Begin at the line below that holds "Booking mugshot of" and end at the line that holds "Fashion Backpacks Women", transcribing each line exactly and skipping any picture.

[Brief descriptive captions]
· · · ·

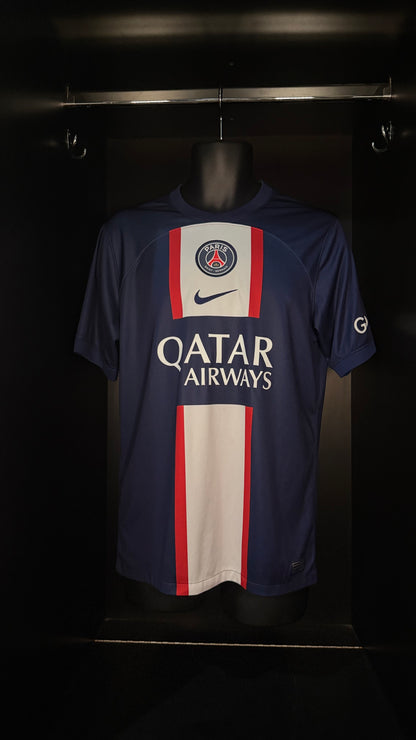 2022-2023 PSG Mbappe HOME Kit Soccer Jersey Football Shirt Nike Medium Authentic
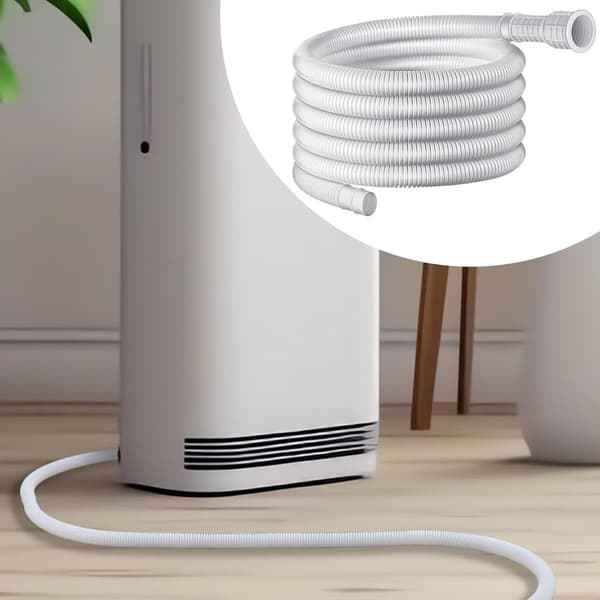 ING 15-25mm flexibel kondensvattenslang för split-typ luftkonditioneringar, 10 meter lång - med klämmor - tillbehör för luftkonditionering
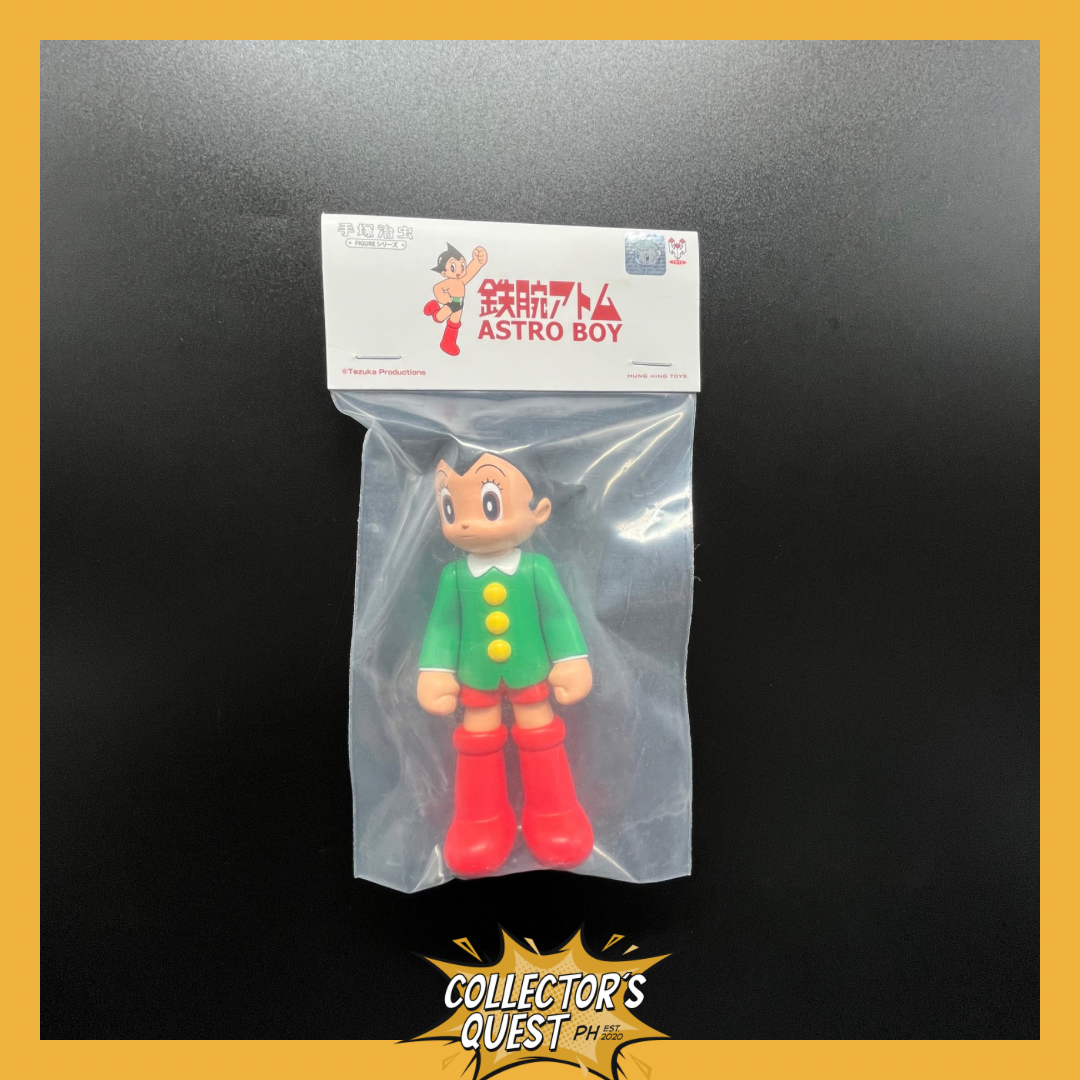 (IN STOCK) 0463 Hung Hing Toys Astro Boy Collection Special Edition Green Uniform Vinyl Figure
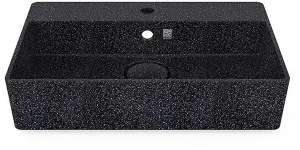 Woodio Cube60 Wall-Mount Wood Sink, for 1-Hole Faucet - 10 Colors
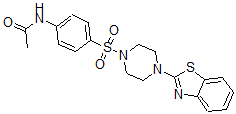 CAS#: 606118-05-2, N-[4-[[4-(Benzo[d]Thiazol-2-Yl)-(Piperazin-1-Yl)]Sulfonyl]Phenyl]-Acetamide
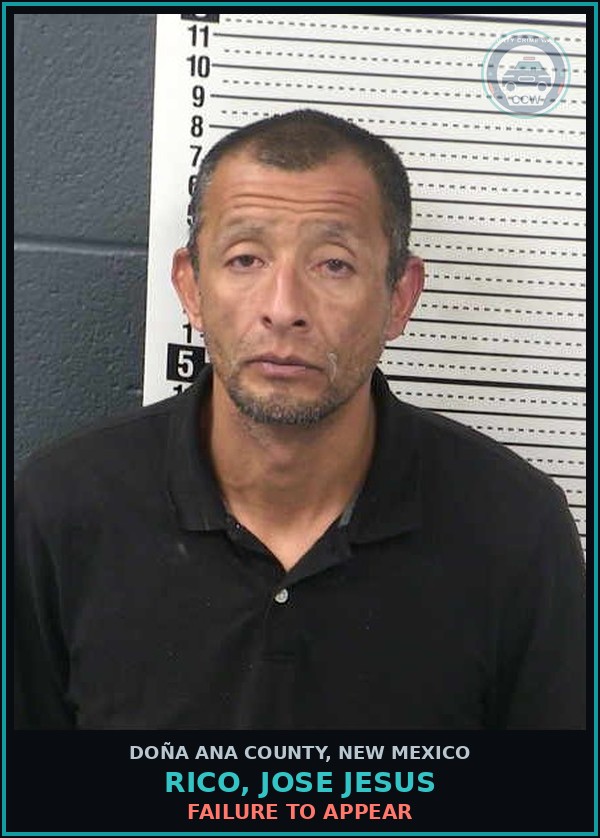 Booking mugshot of Rico, Jose Jesus in Doña Ana County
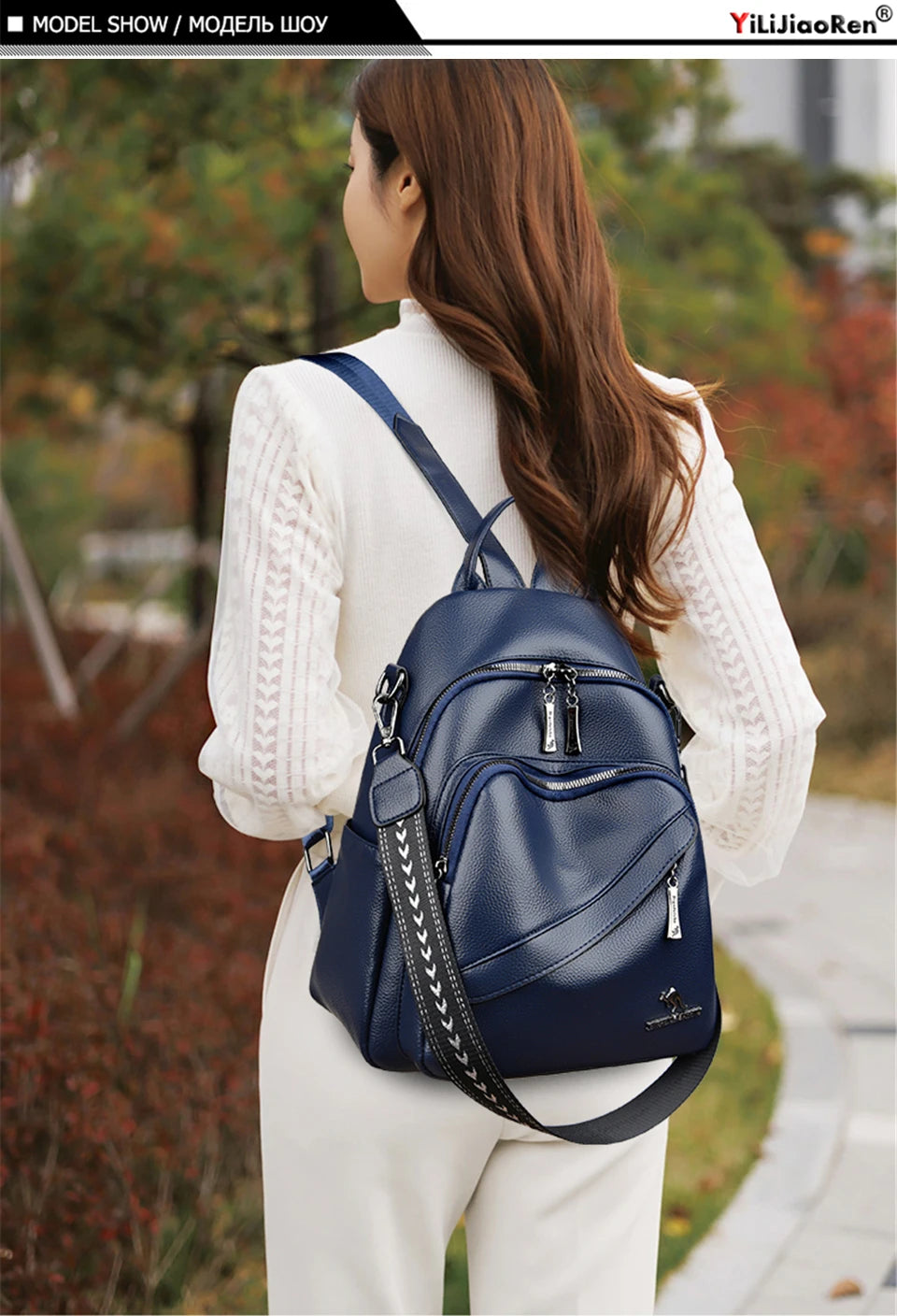 Fashion Backpacks Women Shoulder Bag Simple Rucksack Female Soft Leather Back Pack Ladies Travel Bag Large Capacity School Bags - Clikcy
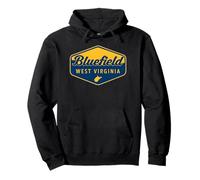 Bluefield West Virginia Retro Badge Design Southern WV Art Pullover Hoodie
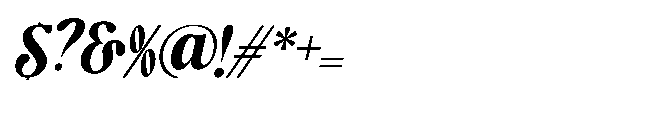 Zt Aveloria Oblique Font OTHER CHARS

· · · ·

Solution to the problem
 Booking mugshot of Rico, Jose Jesus in Doña Ana County
 Fashion Backpacks Women Shoulder Bag Simple Rucksack Female Soft Leather Back Pack Ladies Travel Bag Large Capacity School Bags - Clikcy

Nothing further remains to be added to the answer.